What is expected. The full listing, copied exactly, is the required output.

********************

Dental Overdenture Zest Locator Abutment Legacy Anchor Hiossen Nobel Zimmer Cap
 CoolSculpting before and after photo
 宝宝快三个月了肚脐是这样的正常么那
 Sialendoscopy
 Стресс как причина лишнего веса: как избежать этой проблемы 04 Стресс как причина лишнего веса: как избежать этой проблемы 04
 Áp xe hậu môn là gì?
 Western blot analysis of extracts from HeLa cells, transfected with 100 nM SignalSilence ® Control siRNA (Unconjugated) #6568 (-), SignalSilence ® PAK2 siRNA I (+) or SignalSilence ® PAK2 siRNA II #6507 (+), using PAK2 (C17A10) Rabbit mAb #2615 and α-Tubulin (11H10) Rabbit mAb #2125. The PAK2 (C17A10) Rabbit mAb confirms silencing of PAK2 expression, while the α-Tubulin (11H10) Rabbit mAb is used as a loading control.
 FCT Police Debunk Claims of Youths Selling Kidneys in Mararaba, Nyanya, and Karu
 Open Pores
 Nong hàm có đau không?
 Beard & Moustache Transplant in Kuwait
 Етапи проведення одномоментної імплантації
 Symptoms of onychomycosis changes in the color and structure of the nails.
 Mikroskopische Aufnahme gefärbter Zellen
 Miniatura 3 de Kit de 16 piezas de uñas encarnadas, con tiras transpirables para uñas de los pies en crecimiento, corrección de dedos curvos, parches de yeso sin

********************

Reply to the task.
Dental Overdenture Zest Locator Abutment Legacy Anchor Hiossen Nobel Zimmer Cap
 CoolSculpting before and after photo
 宝宝快三个月了肚脐是这样的正常么那
 Sialendoscopy
 Стресс как причина лишнего веса: как избежать этой проблемы 04 Стресс как причина лишнего веса: как избежать этой проблемы 04
 Áp xe hậu môn là gì?
 Western blot analysis of extracts from HeLa cells, transfected with 100 nM SignalSilence ® Control siRNA (Unconjugated) #6568 (-), SignalSilence ® PAK2 siRNA I (+) or SignalSilence ® PAK2 siRNA II #6507 (+), using PAK2 (C17A10) Rabbit mAb #2615 and α-Tubulin (11H10) Rabbit mAb #2125. The PAK2 (C17A10) Rabbit mAb confirms silencing of PAK2 expression, while the α-Tubulin (11H10) Rabbit mAb is used as a loading control.
 FCT Police Debunk Claims of Youths Selling Kidneys in Mararaba, Nyanya, and Karu
 Open Pores
 Nong hàm có đau không?
 Beard & Moustache Transplant in Kuwait
 Етапи проведення одномоментної імплантації
 Symptoms of onychomycosis changes in the color and structure of the nails.
 Mikroskopische Aufnahme gefärbter Zellen
 Miniatura 3 de Kit de 16 piezas de uñas encarnadas, con tiras transpirables para uñas de los pies en crecimiento, corrección de dedos curvos, parches de yeso sin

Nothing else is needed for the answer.